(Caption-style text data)
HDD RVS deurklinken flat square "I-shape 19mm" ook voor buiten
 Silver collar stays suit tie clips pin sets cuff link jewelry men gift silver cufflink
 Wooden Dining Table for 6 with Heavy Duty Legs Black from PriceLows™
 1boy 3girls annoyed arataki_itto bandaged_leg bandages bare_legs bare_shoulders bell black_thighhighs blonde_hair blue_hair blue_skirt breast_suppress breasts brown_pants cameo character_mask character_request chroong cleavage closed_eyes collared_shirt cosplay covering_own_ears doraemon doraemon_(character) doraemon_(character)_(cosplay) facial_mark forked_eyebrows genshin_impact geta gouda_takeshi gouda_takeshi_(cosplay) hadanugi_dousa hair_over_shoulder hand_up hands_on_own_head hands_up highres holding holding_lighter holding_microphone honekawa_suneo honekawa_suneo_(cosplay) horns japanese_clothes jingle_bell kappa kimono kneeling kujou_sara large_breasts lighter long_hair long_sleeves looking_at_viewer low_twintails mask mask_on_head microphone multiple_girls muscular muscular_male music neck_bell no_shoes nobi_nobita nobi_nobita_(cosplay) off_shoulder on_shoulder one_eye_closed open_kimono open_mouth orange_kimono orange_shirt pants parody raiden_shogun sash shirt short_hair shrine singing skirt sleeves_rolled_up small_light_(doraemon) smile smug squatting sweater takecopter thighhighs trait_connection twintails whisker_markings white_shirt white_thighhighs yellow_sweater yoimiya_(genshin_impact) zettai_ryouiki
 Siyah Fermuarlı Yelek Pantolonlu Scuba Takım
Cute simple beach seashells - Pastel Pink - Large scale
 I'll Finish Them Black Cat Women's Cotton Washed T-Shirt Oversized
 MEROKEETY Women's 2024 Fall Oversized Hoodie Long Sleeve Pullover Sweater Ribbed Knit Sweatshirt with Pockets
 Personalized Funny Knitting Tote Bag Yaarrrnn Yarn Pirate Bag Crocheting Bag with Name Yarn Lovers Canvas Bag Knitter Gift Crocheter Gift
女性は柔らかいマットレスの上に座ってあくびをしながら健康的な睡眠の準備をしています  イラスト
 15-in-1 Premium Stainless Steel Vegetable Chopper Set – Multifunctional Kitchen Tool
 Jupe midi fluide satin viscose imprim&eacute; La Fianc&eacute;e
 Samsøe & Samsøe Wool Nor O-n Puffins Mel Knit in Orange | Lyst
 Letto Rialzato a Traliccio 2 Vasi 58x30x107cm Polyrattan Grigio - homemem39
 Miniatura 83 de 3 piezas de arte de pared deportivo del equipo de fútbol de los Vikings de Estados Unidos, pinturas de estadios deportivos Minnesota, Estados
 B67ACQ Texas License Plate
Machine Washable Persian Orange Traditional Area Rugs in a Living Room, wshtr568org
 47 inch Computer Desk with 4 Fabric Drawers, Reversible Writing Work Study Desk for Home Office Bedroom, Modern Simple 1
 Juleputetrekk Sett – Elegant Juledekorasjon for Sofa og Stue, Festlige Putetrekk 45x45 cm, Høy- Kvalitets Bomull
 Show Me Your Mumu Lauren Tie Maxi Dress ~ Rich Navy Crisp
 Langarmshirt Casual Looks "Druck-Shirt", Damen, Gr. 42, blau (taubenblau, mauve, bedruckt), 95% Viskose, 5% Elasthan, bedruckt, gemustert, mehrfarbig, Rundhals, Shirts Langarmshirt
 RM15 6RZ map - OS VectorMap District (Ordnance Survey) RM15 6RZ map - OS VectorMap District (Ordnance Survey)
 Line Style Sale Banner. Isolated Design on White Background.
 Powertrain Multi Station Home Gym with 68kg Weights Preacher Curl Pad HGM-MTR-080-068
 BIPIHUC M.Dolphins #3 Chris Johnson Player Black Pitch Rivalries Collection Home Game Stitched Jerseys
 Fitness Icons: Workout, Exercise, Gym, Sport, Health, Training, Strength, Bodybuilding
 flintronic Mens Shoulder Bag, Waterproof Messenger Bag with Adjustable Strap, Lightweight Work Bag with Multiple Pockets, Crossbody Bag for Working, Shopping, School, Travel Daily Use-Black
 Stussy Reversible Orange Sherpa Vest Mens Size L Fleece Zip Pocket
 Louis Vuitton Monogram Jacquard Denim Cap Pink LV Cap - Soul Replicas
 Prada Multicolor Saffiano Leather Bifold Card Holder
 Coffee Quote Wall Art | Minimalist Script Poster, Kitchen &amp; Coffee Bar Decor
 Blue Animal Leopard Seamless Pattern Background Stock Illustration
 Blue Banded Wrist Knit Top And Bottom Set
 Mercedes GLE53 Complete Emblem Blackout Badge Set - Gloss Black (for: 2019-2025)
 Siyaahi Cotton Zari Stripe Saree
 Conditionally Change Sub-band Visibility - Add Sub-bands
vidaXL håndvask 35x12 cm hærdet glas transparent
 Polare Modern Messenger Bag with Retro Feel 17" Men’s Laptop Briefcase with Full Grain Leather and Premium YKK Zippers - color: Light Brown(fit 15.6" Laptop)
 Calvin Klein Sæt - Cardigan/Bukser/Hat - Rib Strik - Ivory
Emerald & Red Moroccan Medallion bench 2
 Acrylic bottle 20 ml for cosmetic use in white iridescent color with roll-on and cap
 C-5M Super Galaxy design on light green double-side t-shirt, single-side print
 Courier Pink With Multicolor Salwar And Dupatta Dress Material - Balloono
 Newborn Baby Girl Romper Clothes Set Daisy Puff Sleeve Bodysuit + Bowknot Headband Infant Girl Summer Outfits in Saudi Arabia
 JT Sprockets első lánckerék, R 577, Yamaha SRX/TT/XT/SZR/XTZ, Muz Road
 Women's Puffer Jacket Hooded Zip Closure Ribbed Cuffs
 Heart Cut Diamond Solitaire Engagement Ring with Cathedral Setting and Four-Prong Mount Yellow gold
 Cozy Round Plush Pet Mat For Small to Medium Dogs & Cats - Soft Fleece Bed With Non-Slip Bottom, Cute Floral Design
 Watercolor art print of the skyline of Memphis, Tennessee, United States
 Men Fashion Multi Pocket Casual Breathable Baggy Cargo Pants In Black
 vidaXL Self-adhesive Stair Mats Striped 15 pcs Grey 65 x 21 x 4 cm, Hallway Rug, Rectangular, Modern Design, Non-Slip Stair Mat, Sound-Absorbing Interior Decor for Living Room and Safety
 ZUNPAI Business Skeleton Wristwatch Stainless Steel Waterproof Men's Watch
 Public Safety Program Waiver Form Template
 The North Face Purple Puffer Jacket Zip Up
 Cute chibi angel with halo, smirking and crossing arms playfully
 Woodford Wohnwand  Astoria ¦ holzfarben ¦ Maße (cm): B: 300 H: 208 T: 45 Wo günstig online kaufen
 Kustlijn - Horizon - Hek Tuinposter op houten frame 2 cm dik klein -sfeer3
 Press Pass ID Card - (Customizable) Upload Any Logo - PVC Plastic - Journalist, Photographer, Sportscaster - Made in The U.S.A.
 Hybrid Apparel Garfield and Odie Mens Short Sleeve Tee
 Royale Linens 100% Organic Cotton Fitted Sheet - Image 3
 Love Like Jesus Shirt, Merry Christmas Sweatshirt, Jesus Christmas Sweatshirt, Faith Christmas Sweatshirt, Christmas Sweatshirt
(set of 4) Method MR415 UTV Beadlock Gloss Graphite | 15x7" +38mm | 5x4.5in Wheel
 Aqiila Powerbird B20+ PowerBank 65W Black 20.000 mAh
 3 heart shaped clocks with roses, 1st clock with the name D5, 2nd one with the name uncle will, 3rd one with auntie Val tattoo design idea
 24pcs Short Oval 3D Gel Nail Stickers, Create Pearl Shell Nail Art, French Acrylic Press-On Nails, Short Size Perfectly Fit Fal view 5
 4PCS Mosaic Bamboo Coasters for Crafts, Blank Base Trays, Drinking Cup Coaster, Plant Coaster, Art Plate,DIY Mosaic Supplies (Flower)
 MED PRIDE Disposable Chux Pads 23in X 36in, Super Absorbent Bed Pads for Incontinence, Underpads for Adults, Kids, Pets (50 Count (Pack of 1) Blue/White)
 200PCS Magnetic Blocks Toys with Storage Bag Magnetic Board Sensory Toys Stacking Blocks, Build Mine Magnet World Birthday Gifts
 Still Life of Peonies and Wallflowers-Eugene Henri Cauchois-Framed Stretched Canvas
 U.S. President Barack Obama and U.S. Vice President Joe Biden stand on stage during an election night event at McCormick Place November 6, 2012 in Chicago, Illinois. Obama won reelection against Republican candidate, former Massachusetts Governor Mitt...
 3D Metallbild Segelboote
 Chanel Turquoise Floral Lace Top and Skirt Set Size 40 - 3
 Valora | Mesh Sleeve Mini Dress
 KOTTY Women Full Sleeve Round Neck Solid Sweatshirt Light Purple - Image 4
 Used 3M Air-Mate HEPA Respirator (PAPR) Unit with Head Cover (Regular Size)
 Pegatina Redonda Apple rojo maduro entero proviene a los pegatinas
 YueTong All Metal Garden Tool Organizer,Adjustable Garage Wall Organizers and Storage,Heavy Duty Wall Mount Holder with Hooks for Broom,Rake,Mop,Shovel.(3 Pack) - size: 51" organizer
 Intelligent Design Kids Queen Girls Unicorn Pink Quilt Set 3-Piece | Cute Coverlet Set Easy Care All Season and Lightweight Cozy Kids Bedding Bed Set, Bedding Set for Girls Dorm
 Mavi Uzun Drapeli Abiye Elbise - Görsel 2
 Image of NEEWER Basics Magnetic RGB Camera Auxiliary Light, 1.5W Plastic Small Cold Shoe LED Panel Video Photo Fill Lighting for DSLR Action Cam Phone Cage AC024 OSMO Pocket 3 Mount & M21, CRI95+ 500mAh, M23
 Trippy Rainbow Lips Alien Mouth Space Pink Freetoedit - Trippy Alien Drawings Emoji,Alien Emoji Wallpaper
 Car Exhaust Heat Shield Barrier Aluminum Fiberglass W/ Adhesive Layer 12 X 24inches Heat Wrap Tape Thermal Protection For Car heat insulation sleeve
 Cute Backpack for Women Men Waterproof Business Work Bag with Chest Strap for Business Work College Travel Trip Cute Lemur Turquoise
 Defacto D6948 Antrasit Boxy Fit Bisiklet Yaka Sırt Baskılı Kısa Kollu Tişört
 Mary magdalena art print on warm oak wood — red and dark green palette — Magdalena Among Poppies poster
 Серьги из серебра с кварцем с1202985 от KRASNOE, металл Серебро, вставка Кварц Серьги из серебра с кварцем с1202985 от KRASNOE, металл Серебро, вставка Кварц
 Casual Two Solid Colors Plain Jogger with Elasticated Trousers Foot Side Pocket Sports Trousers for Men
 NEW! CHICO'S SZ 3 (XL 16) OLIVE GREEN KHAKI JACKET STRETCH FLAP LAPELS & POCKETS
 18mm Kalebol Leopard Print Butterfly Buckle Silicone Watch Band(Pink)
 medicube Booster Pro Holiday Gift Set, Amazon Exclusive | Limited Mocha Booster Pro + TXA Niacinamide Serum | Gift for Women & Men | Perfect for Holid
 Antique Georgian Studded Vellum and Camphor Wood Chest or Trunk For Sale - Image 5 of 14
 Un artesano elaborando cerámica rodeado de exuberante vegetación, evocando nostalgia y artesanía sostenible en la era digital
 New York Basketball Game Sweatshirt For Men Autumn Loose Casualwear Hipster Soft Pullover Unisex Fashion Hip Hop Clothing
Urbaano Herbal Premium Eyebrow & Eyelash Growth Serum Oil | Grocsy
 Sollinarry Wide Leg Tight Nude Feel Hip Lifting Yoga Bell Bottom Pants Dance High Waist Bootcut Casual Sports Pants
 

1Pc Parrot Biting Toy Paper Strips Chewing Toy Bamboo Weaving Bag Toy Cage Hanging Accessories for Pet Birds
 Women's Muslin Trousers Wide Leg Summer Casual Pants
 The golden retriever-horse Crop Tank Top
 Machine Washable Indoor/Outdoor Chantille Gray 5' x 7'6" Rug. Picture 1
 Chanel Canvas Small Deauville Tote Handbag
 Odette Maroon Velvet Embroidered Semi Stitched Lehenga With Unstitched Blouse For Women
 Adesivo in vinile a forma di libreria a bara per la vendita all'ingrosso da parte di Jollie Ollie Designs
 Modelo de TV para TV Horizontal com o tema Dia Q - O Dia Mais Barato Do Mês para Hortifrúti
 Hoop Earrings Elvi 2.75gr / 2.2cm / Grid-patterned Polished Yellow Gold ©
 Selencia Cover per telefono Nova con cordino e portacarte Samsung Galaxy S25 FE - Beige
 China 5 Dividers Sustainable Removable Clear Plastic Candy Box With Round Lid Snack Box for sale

- **WHAT YOU HAVE TO DO**
Taking the entries from their first line through the line with "Letto Rialzato a", inclusive, restate each line word for word and give nothing else.

- **RESULT**
HDD RVS deurklinken flat square "I-shape 19mm" ook voor buiten
 Silver collar stays suit tie clips pin sets cuff link jewelry men gift silver cufflink
 Wooden Dining Table for 6 with Heavy Duty Legs Black from PriceLows™
 1boy 3girls annoyed arataki_itto bandaged_leg bandages bare_legs bare_shoulders bell black_thighhighs blonde_hair blue_hair blue_skirt breast_suppress breasts brown_pants cameo character_mask character_request chroong cleavage closed_eyes collared_shirt cosplay covering_own_ears doraemon doraemon_(character) doraemon_(character)_(cosplay) facial_mark forked_eyebrows genshin_impact geta gouda_takeshi gouda_takeshi_(cosplay) hadanugi_dousa hair_over_shoulder hand_up hands_on_own_head hands_up highres holding holding_lighter holding_microphone honekawa_suneo honekawa_suneo_(cosplay) horns japanese_clothes jingle_bell kappa kimono kneeling kujou_sara large_breasts lighter long_hair long_sleeves looking_at_viewer low_twintails mask mask_on_head microphone multiple_girls muscular muscular_male music neck_bell no_shoes nobi_nobita nobi_nobita_(cosplay) off_shoulder on_shoulder one_eye_closed open_kimono open_mouth orange_kimono orange_shirt pants parody raiden_shogun sash shirt short_hair shrine singing skirt sleeves_rolled_up small_light_(doraemon) smile smug squatting sweater takecopter thighhighs trait_connection twintails whisker_markings white_shirt white_thighhighs yellow_sweater yoimiya_(genshin_impact) zettai_ryouiki
 Siyah Fermuarlı Yelek Pantolonlu Scuba Takım
Cute simple beach seashells - Pastel Pink - Large scale
 I'll Finish Them Black Cat Women's Cotton Washed T-Shirt Oversized
 MEROKEETY Women's 2024 Fall Oversized Hoodie Long Sleeve Pullover Sweater Ribbed Knit Sweatshirt with Pockets
 Personalized Funny Knitting Tote Bag Yaarrrnn Yarn Pirate Bag Crocheting Bag with Name Yarn Lovers Canvas Bag Knitter Gift Crocheter Gift
女性は柔らかいマットレスの上に座ってあくびをしながら健康的な睡眠の準備をしています  イラスト
 15-in-1 Premium Stainless Steel Vegetable Chopper Set – Multifunctional Kitchen Tool
 Jupe midi fluide satin viscose imprim&eacute; La Fianc&eacute;e
 Samsøe & Samsøe Wool Nor O-n Puffins Mel Knit in Orange | Lyst
 Letto Rialzato a Traliccio 2 Vasi 58x30x107cm Polyrattan Grigio - homemem39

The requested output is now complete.